After losing a close 7-on-7 passing league game in a tournament in Hoover, Ala., the new North Gwinnett head coach took his players aside.
"Guys, that one's on me," he told them. "I've been in this game a long time and I've walked off the field a whole lot thinking I was a positive influence in helping coach a team into a win. I may have done my best job there of coaching you into a loss. So I'll take that one."
Then he added: "But hey, it's still a good day. I just got a call from my wife and she got offered a job today that she's going to start Aug. 21. And she called and also said we finally got an offer on our house up in Lexington (Ky.). So I've got that off my back."
After a few minutes a couple of the older Bulldogs confided in Sphire.
"Coach, when you told us you got a phone call, we thought you were going to tell us that you got a college job," they said.
And there it is.
One simple statement sums up perfectly what the North Gwinnett players were feeling after what they had been through the previous three years.
In 2004, Dennis Roland took over the North Gwinnett program from Tim Hammontree and led the Bulldogs to one of the best seasons in school history. He promptly left to be the head coach at Southeast Louisiana
In 2005, Matt Moore replaced Roland and led the Bulldogs to their second consecutive playoff appearance. He promptly left to be an assistant coach at Troy
So now it's 2006 and the 49-year-old Sphire is North Gwinnett's fourth head coach in four years - meaning the current Bulldog seniors will have gone their entire high school careers without having the same coaching staff for more than 12 months.
Sphire admits that the Bulldogs didn't completely warm to him and his staff from Day 1. Then again, who could blame them?
"Without question, they were very gun shy," said Sphire, who makes his regular-season debut with North on Friday night at Walton. "They really were very gun shy."
But that was six months ago. Now the Bulldogs have gone through spring practice with Sphire and have endured two-a-days in the sizzling August heat. They have had plenty of time to get adjusted, again, to their new head coach.
"Change is good," Sphire said, "and these kids have really experienced a whole lot of positives with these things. The ones that have stayed are really committed to it."
And Sphire is committed to winning.
For the last 15 years the Kentucky native was head coach at Lexington Catholic, where he started the program and led it to 13 straight playoff appearances, including the 2005 Class AAA state title.
His quarterback in 2005, current North Carolina State freshman Justin Burke, threw for a state-record 62 touchdowns passes in leading Lexington Catholic to the title.
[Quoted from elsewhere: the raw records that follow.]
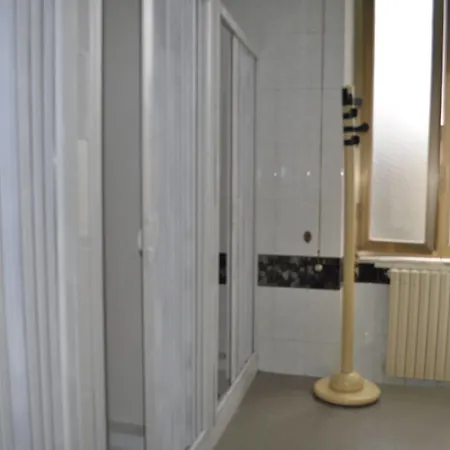 Experience - Age Limit 18-28 Hostel Neapol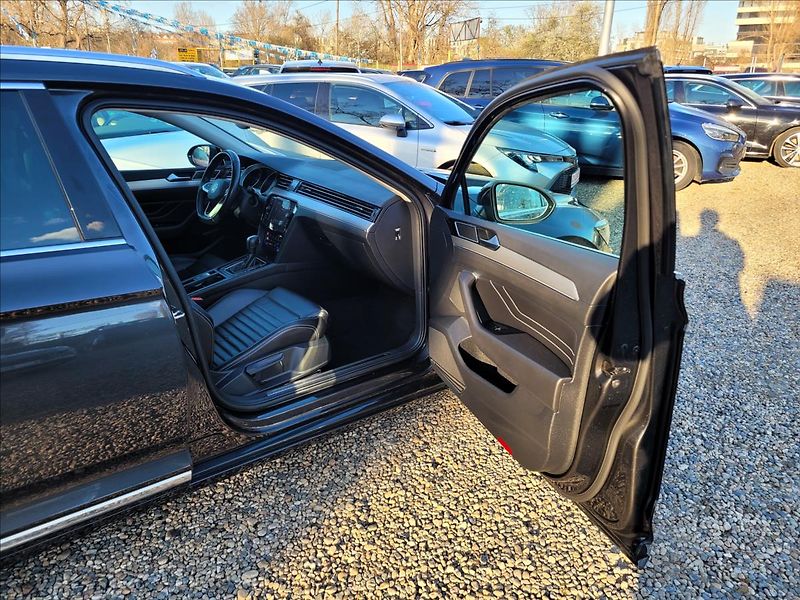 Volkswagen Passat 2,0 zálohováno - fotka 9 z 48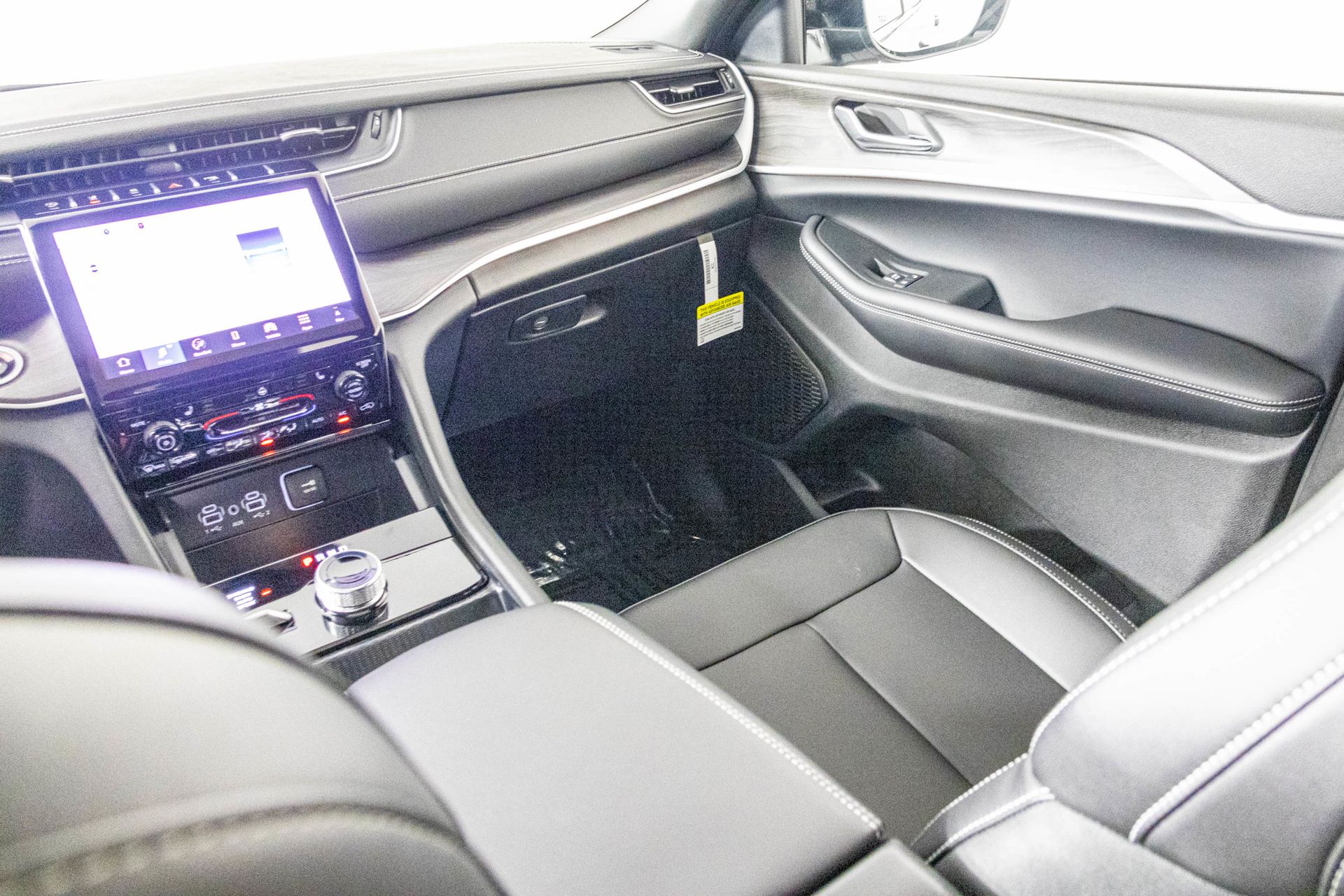 2025 JEEP GRAND CHEROKEE - Image 32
Burke finished his career with 8,770 passing yards and 120 passing TDs.
So North fans who are used to the Bulldogs throwing it all over the field will see more of the same this season, though Sphire says there are "at least subtle differences" between his offense and the ones that were employed by Roland and Moore.
The Bulldog players and community are also hoping for one major difference between Sphire and the two previous coaches - that he wears the Red and Black for more than just 12 months.
"All I can tell you," he said with a laugh, "is that I was at my last job for 15 years."